VLAN – PVID vs. Untagged in Cisco Switches

ciscoswitchvlan

I've seen similar spins on this question before but not one that adequately answers it.

In the following (paraphrased, not literal) config on a Cisco SF300:

FastEthernet1
Port mode General
General access VLAN 20 tagged
General access VLAN 10 untagged
PVID 10

If I plug a PC into this port, any untagged packets entering the port will internally enter VLAN 10. Any traffic on VLAN 10 will exit that port untagged. This I completely accept since I use it on a daily basis.
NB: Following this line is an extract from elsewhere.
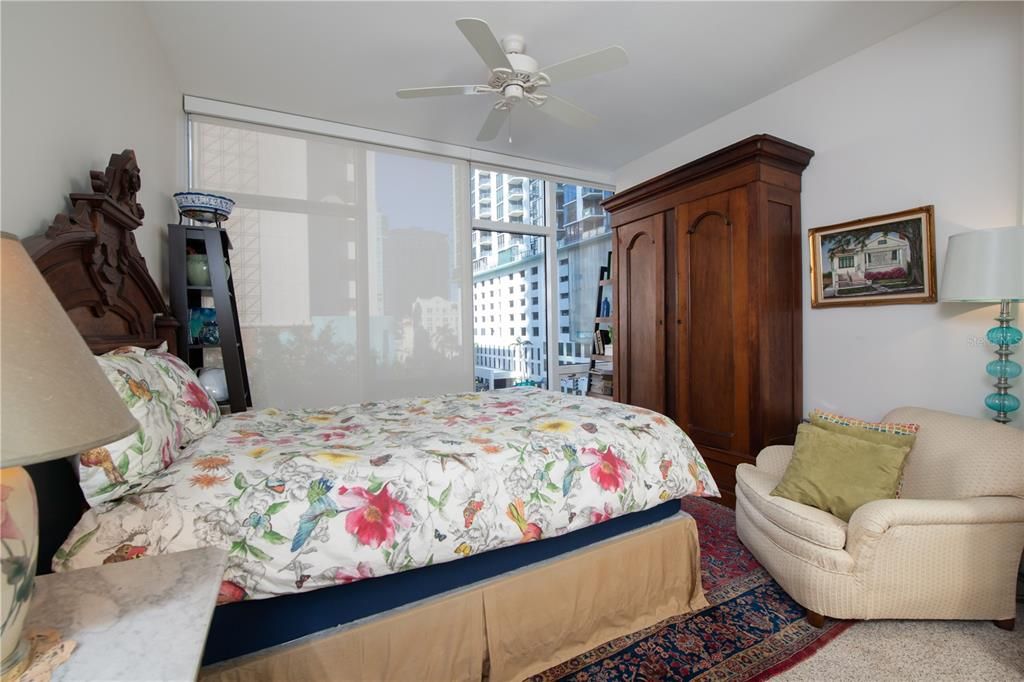 For Sale: $646,500 (1 beds, 1 baths, 875 Square Feet)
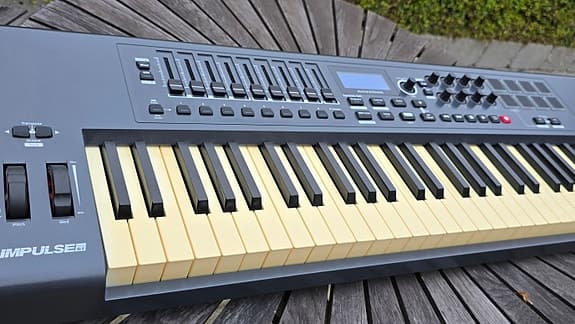 Novation Impulse 61 MIDI keyboard controller sort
What's the purpose of setting untagged access without setting PVID? Is untagged ingress traffic going to just go nowhere? If so, what's the purpose of having an untagged VLAN that can't communicate bidirectionally?

Best Answer

Without getting into NDA territory, a lot of it has to do with the switch (chip) internals. Of course anyone with a clue codes their UI and configuration language to handle these things automatically. You'd think something with a Cisco logo on it would be better, but you'd be wrong -- that switch grew out of the Linksys Small Business product line and has never seen the same engineering effort behind IOS, for example.

While it makes little sense, it's a valid configuration to set a PVID of 20 in your example. Untagged traffic handed to the switch would forward in VLAN 20. (no one in their right mind would(should) do that.)

[Note: even in switch IOS, one can set the native VLAN to something that isn't in the allowed list. And it's 100% valid.]